Art. 74 of the Telecommunications and Postal Regulation Law authorises the interception, surveillance, and eavesdropping of communications. Such actions may be mandated by a prosecutor or a specialised judge. Additionally, interception may be authorised by the General National Intelligence Service, Military Intelligence, or the Federal Police. Art. 25 of the Law imposes an obligation on telecommunications operators to grant the Telecommunication and Postal Regulation Authority access to their facilities, networks, and equipment, and to allow the installation of devices necessary for performance measurement and monitoring. Reports indicate that, under this legislation, telecommunications companies are required to provide customer data to authorities upon request.

Sudan lacks a comprehensive regime for the protection of trade secrets.

It is reported that there is an obligation for passive infrastructure sharing in Sudan to deliver telecom services to end users.
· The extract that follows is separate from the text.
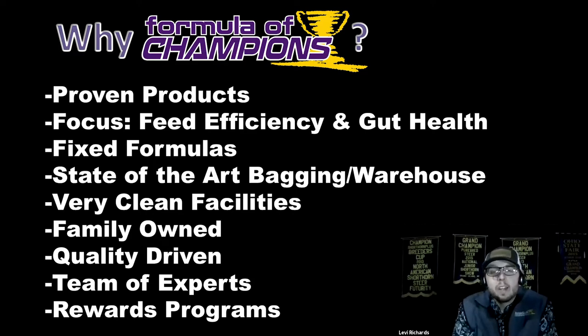We are very quality driven. There are so many checks that each product has to pass before it can even be bagged, then again before it leaves the warehouse. We have a team of experts — about a dozen or so of the most hands-on and most successful people within the show stock industry out of our 600 employees. They can give you feeding advice not by reading it out of a book, but because they wrote the book — they literally wrote the Formula Champions book.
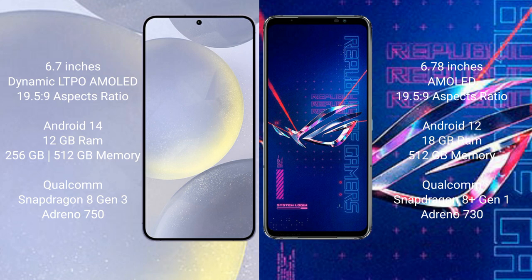Samsung Galaxy S24 Plus runs on the Android 14 operating system. Asus ROG Phone 6 Pro runs on the Android 12 operating system.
It is practised in both the mobile and fixed sectors based on commercial agreements. However, the relevant law has not been found.
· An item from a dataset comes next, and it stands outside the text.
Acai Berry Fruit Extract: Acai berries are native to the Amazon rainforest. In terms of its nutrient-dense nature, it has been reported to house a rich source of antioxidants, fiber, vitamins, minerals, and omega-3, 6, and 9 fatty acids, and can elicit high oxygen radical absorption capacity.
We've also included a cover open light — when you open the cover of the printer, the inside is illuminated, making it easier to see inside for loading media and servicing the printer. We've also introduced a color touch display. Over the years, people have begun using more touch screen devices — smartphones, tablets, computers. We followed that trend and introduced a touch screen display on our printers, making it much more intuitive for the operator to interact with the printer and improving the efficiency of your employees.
Sudan is not a signatory of the 1996 World Trade Organization (WTO) Information Technology Agreement (ITA) nor the 2015 expansion (ITA II). Sudan is not a member of the WTO but holds observer status.

Chapter 5 of the Purchasing, Contracting and Surplus Disposal Act stipulates that:
- Priority in contracting for the purchase and implementation of works shall be given to Sudanese individuals and institutions licensed to operate according to this Act (Art. 14.14);
- The Ministry may specify some works and contracts whose implementation must be entrusted to Sudanese contractors, and the projects can also be divided to allow Sudanese contractors to qualify and implement them (Art. 14.15); and
- Government agencies are required to prioritise Sudanese industries and products, provided they meet the intended purpose of the purchase (Art. 14.19).
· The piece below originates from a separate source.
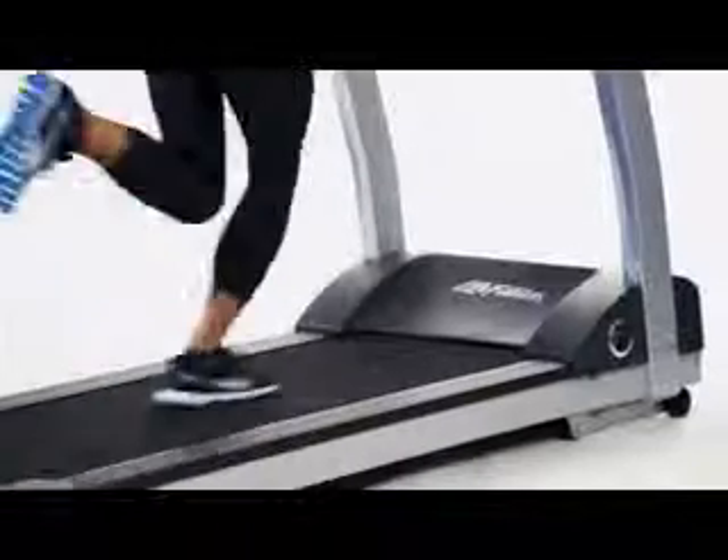As the inventor of the first computerized workout equipment, Life Fitness' heritage, biomechanics, and durability are why more people choose Life Fitness every day than any other brand in the world.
The Purchasing, Contracting, and Surplus Disposal Act has introduced several limitations on foreign participation in public procurement, including:
- Foreign bidders must use local suppliers for specific services and ensure that at least 20% of the project is carried out by Sudanese contractors (Art. 14.16).
- Contractors are also obligated to purchase necessary tools and equipment from Sudanese agents, with direct imports allowed only if items are unavailable locally (Art. 14.17).
- National products may be procured if their prices do not exceed foreign alternatives by more than 10%, with foreign products acceptable only if they meet the required specifications (Art. 14.20).

Sudan is not a party to the World Trade Organization (WTO) Agreement on Government Procurement (GPA), nor does it have observer status. In fact, Sudan is not a member of the WTO.

According to Art. 18 of the Investment (Encouragement) Act, foreign investment is restricted in certain sectors as designated by the Minister. It is reported that such restrictions include a prohibition on foreign capital participation in most areas of telecommunications services.

According to Art. 39.2 of the Companies Act, at least one of the directors on the board of any company must be a resident of Sudan.

Pursuant to Art. 22.1 of the Investment (Encouragement) Act, foreign investors are required to provide a minimum amount of foreign capital. Reports indicate that this amount must be no less than USD 250,000 or its equivalent in foreign currencies approved by the Central Bank of Sudan, as proof of commitment. It is anticipated that forthcoming regulations shall clarify the specific authority to which investors must remit this amount, as the New Investment Act does not currently stipulate this. The capital provided will be allocated to financing the respective project upon the issuance of the relevant license (Art. 22.2).

According to Art. 33 of the Companies Act 2015, companies incorporated outside Sudan that wish to conduct business within the country must establish a branch in Sudan. Additionally, companies engaged in projects in Sudan are required to set up a branch specifically for the duration and purpose of the project (Art. 34).

According to Art. 12.1 (a) of the Patents Act, the complete name and address of the patent applicant are required. The applicants with an address outside of Sudan must provide a local address for their activity within the country.